This is such a common canard that seems to lack any foundation. The United States manufacturers more "stuff" than at any point in history, for any reasonable definition of "stuff" (dollar value, inflation-adjusted dollar value, number of items, etc). Employment in manufacturing is way down, in large part because of automation -- for example, high-technology production lines replaced hand-welding with welding robots.

By contrast, developing markets tend to employ a lot of people doing manual tasks that would be automated in the United States (or Germany, Japan, etc.). A Foxconn assembly factory is far from high-tech; it's usually a long line of people in matching uniforms using tweezers to put parts together.

Sources, among many: http://www.marketwatch.com/story/us-manufacturing-dead-outpu...

2 comments

I hate this counterpoint quite a bit. It's vastly different in terms of employment and who is able to be employed selling 1,000,000 widgets for $10 or 1 widget for $1 million dollars.
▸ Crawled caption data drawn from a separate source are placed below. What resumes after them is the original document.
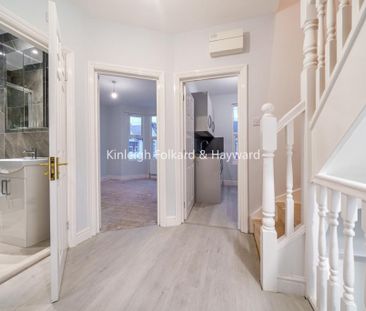 3 bedroom flat to rent - Photo 1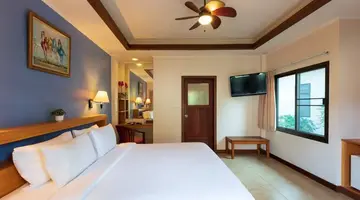 PINNACLE GRAND NA JOMTIEN RESORT & BEACH CLUB (ex. PINNACLE GRAND JOMTIEN RESORT)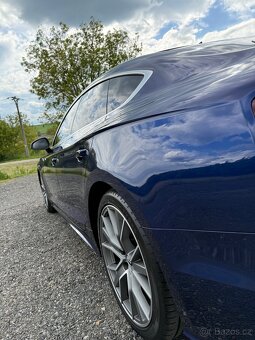 Audi a5 50 tdi 2021 - 5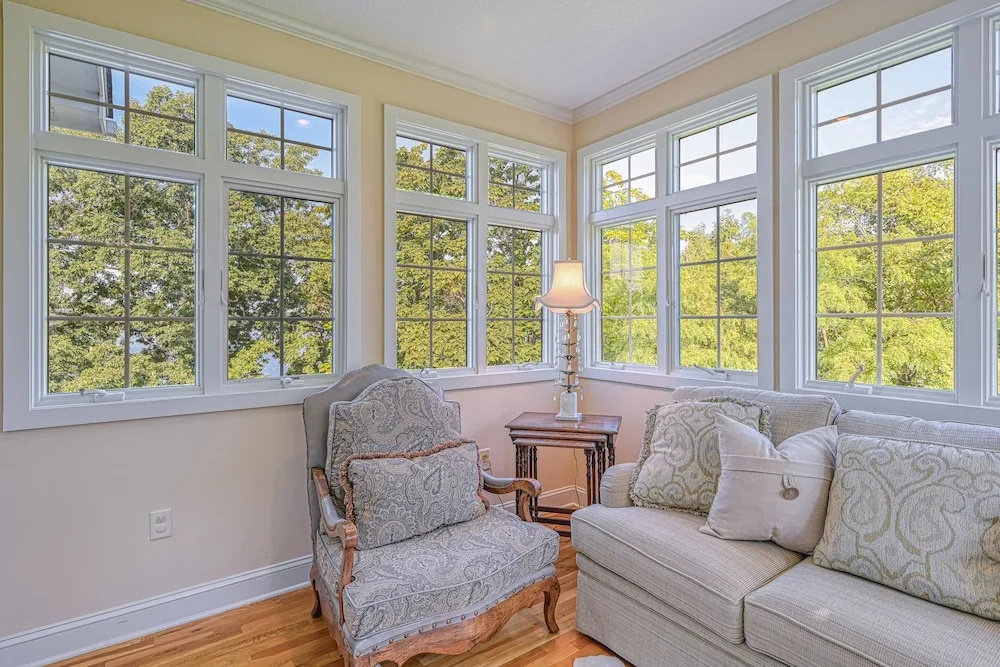 Soulshine Smith Mountain Lake - Lakefront Home With Amazing Views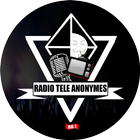 Radio Tele Anonymes 88.1 icon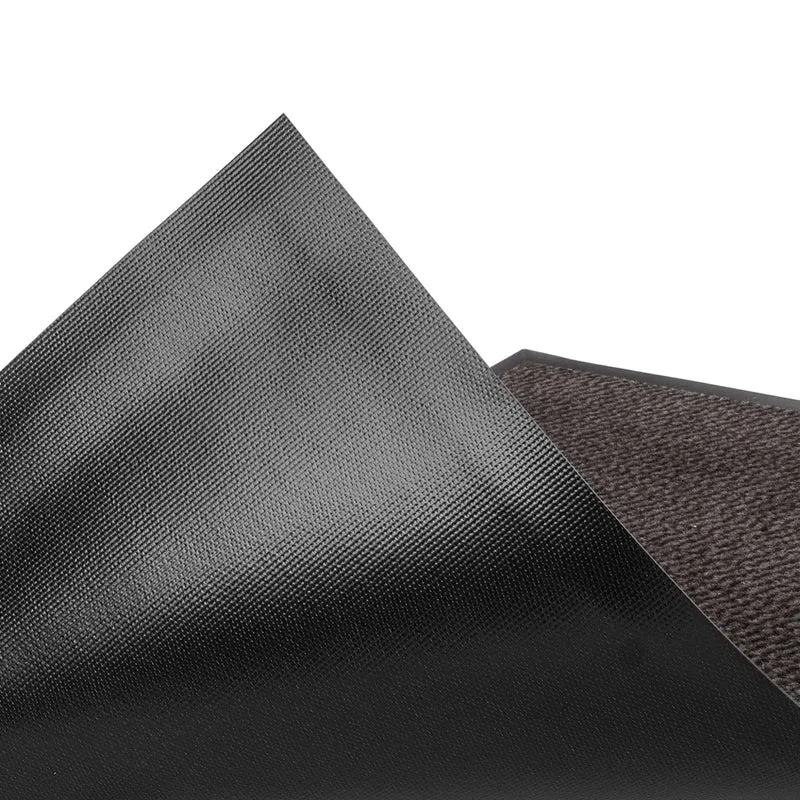 Zerbino d'ingresso KADAX, tappetino per scarpe, universale, 120x80 cm, assorbente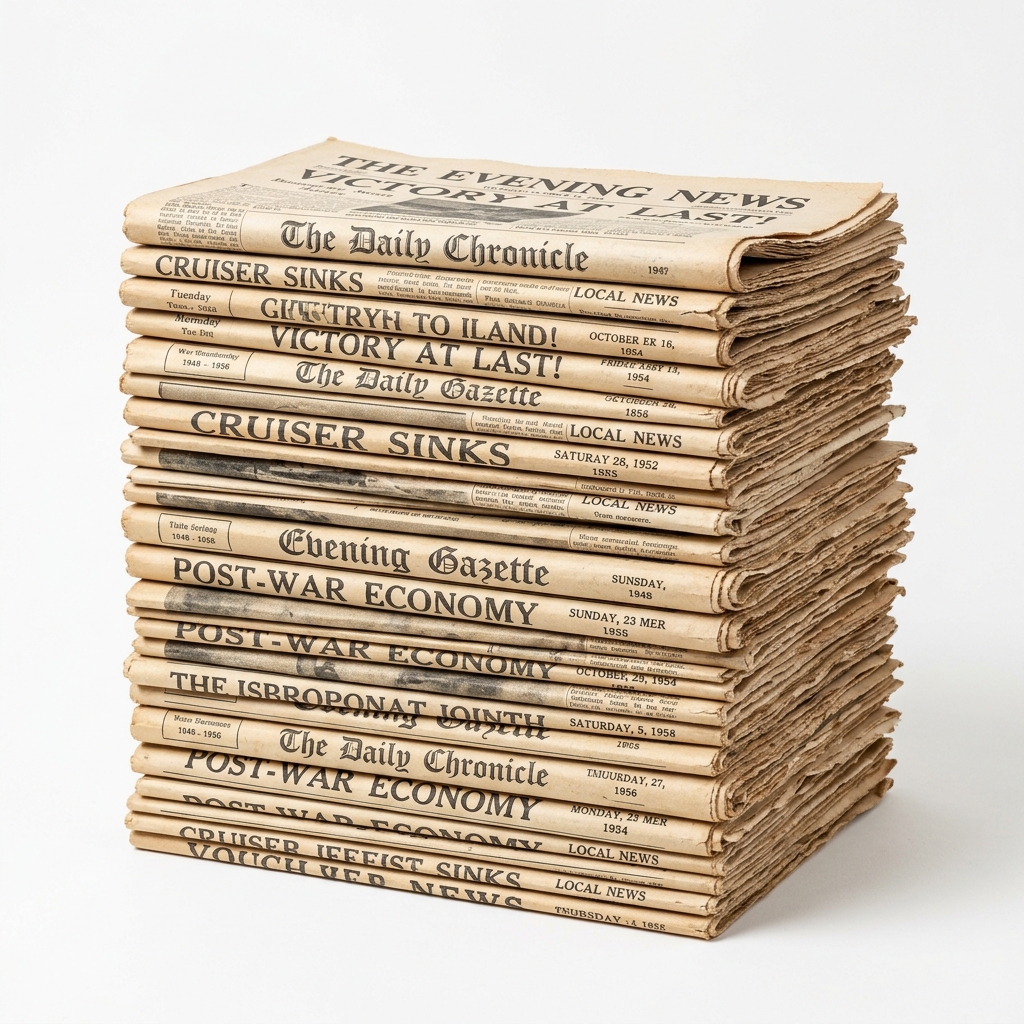 Newspaper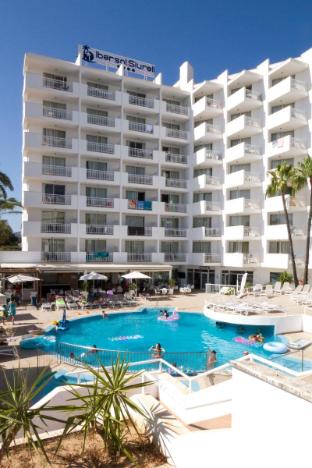 hotel ibersol siurell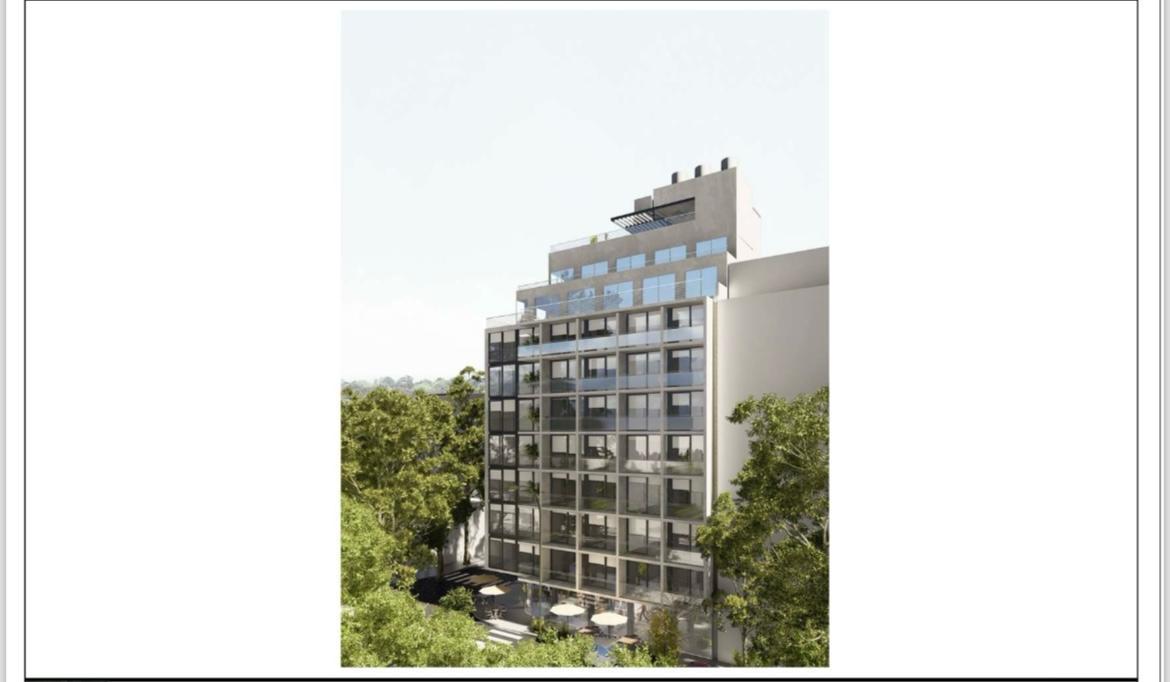 Departamento VENTA   BELGRANO 2 y 3 ambientes categoria premium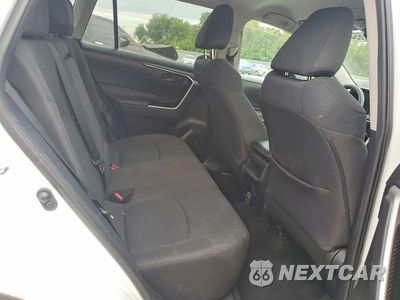 Zdjęcie 11 z 13 samochodu: 2020 TOYOTA RAV4 LE VIN:2T3F1RFV3LW125587 - miniatura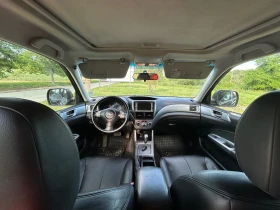 Subaru Forester 2.0i LPG BRC | Mobile.bg � ����� ������ 9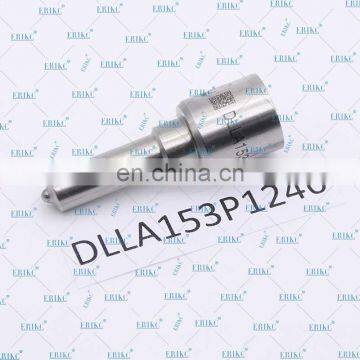 ERIKC DLLA 153 P 1246 Diesel Spraying Nozzle DLLA 153 P1246 Common Rail Nozzle DLLA 153P 1246 0433171788 For Mercedes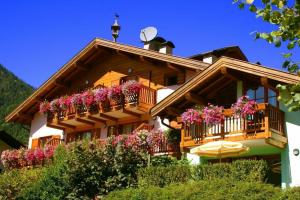 Residence Lagorai, Предаццо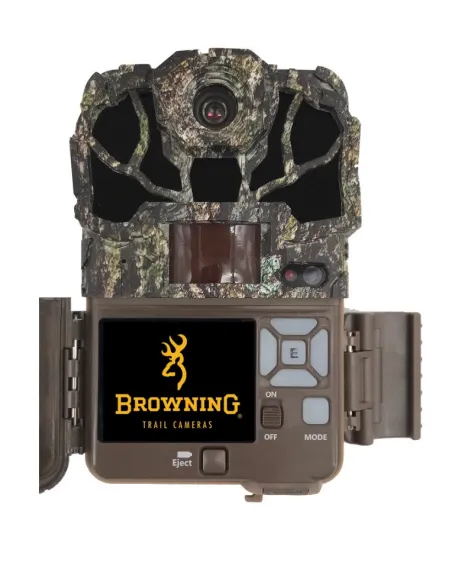 Piège photographique et vidéo Browning Spec Ops ELITE Full HD HP5 - 24 MP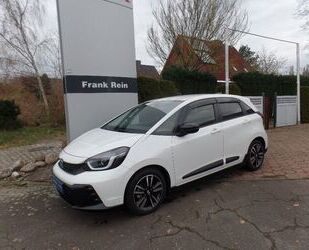 Honda Honda Jazz 1.5 i-MMD Hybrid Advance Sport Gebrauchtwagen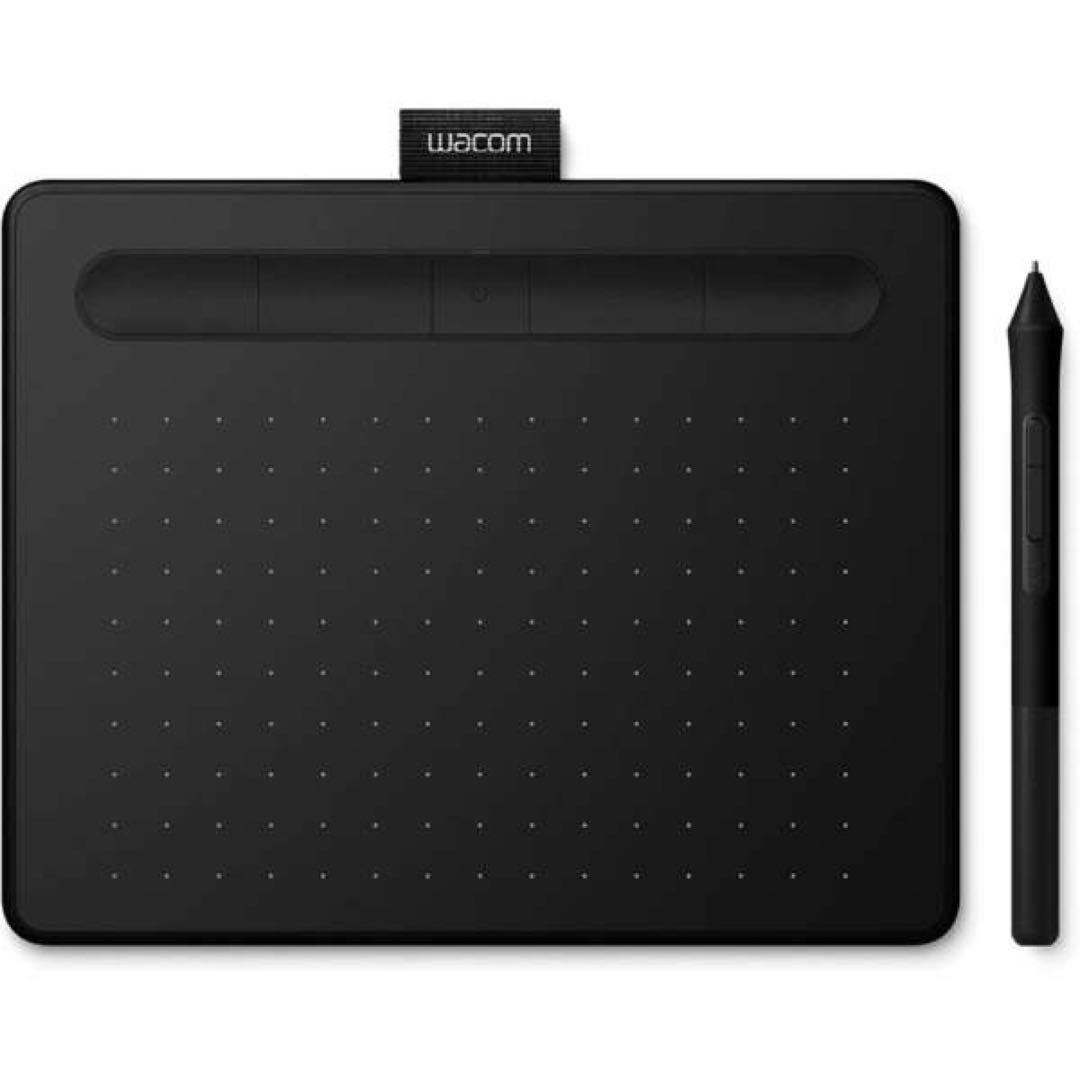 液タブ・ペンタブ Wacom CTL-6100/K2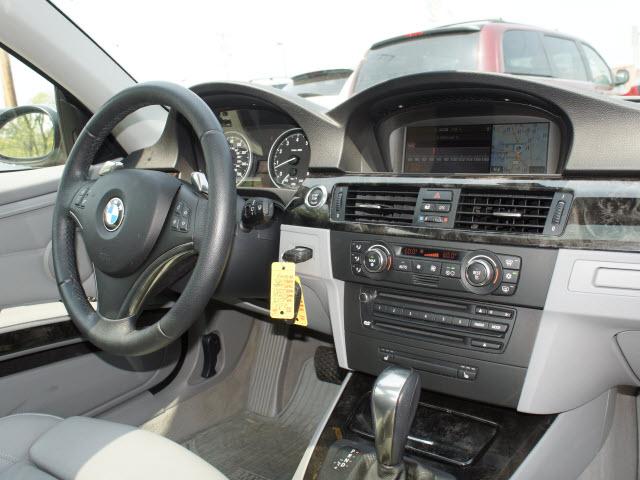 2007 BMW 3 series S FE Plus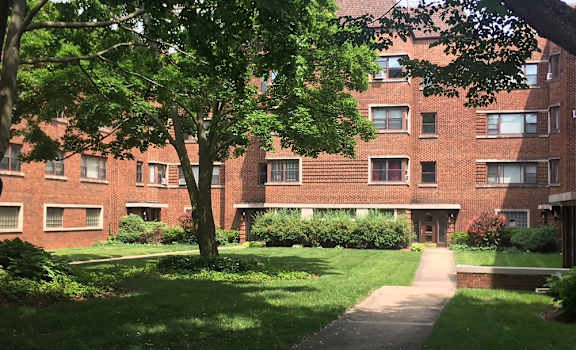549 Sheridan Exterior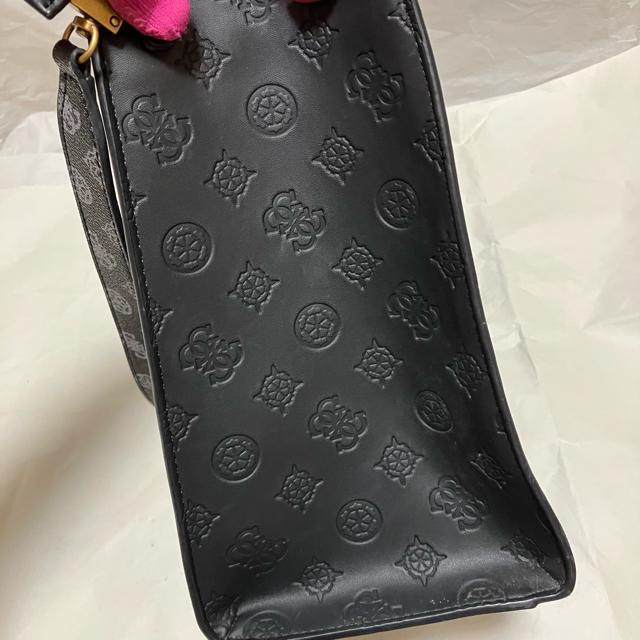 【レア】【GUESS / ゲス】 ABEY / トートバッグ & ショルダー < ブランド 【レア】【GUESS / ゲス】 ABEY / トートバッグ & ショルダー < ブランドの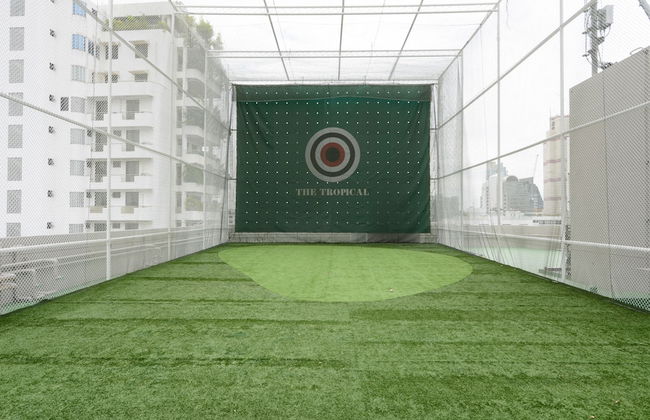 Aspira Tropical Residence Thong Lor - Foto 42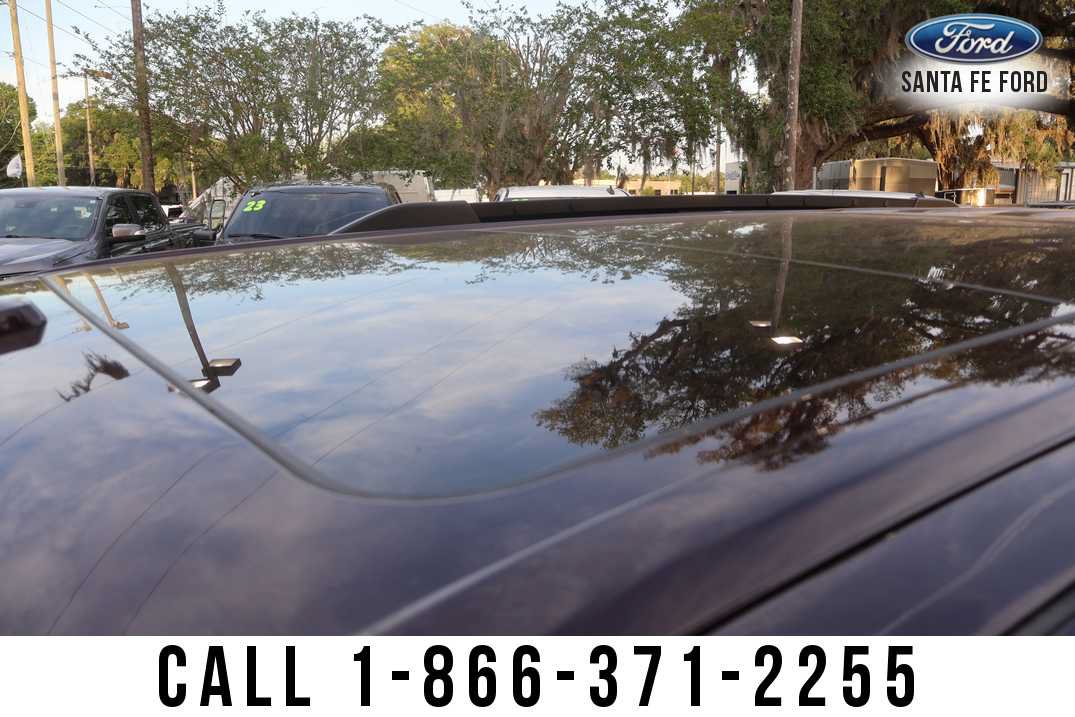 Used 2024 Ford Expedition XLT RWD image 16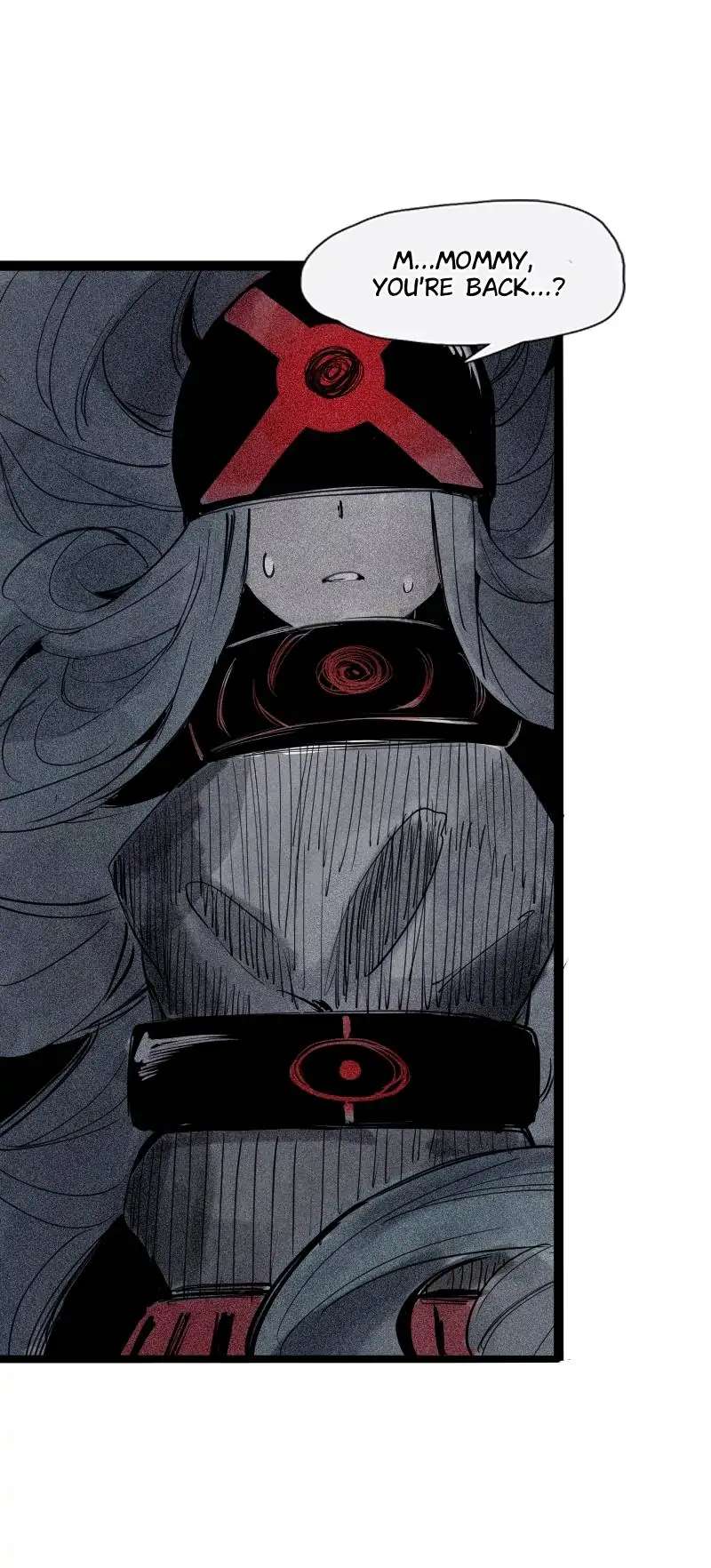 Truth Mask Chapter 79 page 11 - 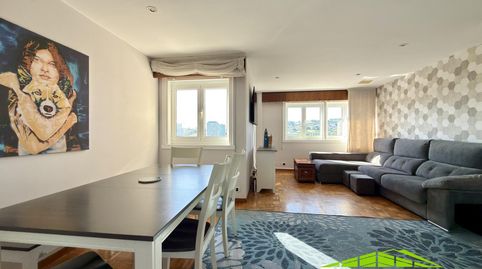 Foto 4 von Wohnung zum Verkauf in Calle Manuel Ferrol, Someso - Matogrande, A Coruña Capital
It's simply not interesting to me to know we've increased the total dollar amount of production - largely based around extremely large ticket items to the detriment of everything else. This is even without getting into the fact rent-seeking is much more profitable the larger the deals get. A single 737 sold for $50M is not equivalent to $50M spread around 10 small manufacturing suppliers building tens of thousands of devices. I would argue anyone saying otherwise is missing the forest through the trees.

It's in-your-face obvious if you actually try to manufacturer or design/build anything as a small company in the US. The velocity and simple ability to do so is an order of magnitude better in China - where design shops can literally run down the street to have a custom part made for deliver that afternoon. If you are directly competing with anyone from China in such a space - you simply are going to lose. The competitive advantages this gives cannot be overstated - and HN should really understand the network effect here.

Simply put I think manufacturing base is something you either build up, keep, and continue to think is important - or it's something you lose. As you lose that base, you also slowly bleed the design talent that went along with it, as it naturally migrates to where the manufacturing happens. I just don't find it interesting that the US can assemble components made in china into high-margin complex devices. It's simply a matter of time until other economies move up the value chain. And there aren't many places for the US to move even further up - we're already at the top and have completely lost our ability to compete any lower. I would posit this is an extremely dangerous place to be, and if it continues makes the US existing largely at the sufferance of others.

> A single 737 sold for $50M is not equivalent to $50M spread around 10 small manufacturing suppliers building tens of thousands of devices.

Correct - it's many more than 10 suppliers: http://www.b737.org.uk/suppliers.htm

Foxconn is automating heavily. Terry Gou says "Managing one million animals gives me a headache".

It's striking to look at videos of textile plants in Bangladesh. The Toyota jet looms are cranking out cloth at a thousand rows a minute, with few people present. No more hand weaving in the successful shops.